Output only the lines from the line holding "Otra de abejas invasoras" through the close of the records, exactly as they appear, with all pictures omitted.
━━ SOURCE MATERIAL
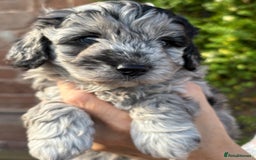 Cavapoo dogs for sale: 🌟HEALTH TESTED F1B CAVAPOO MERLE STUNNING PUPPIES - Image 27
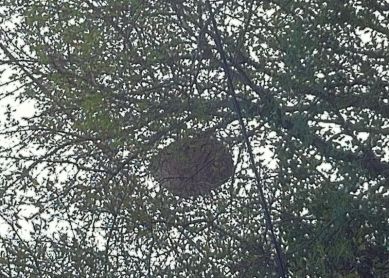 Otra de abejas invasoras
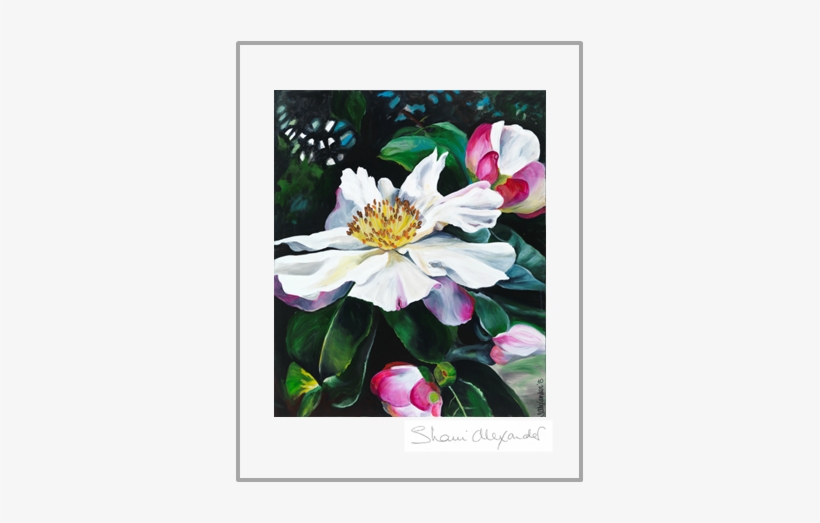 Simply Elegant T-towel - Camelia Canvas Print With Frame, transparent png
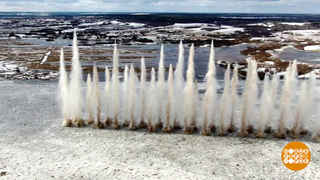 Готовимся к паводку. А рыбу предупредили? Доброе утро. Фрагмент 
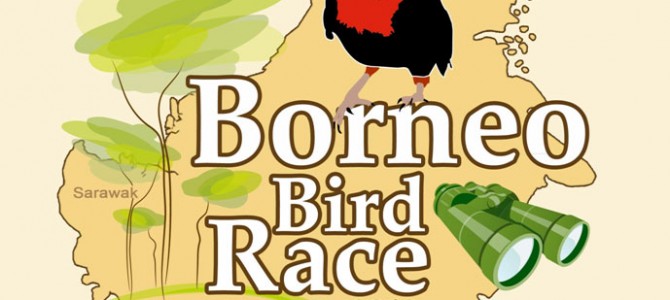 The Borneo Bird Race 2013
━━━━
YOUR SOLUTION:
 Otra de abejas invasoras
 Simply Elegant T-towel - Camelia Canvas Print With Frame, transparent png
 Готовимся к паводку. А рыбу предупредили? Доброе утро. Фрагмент 
 The Borneo Bird Race 2013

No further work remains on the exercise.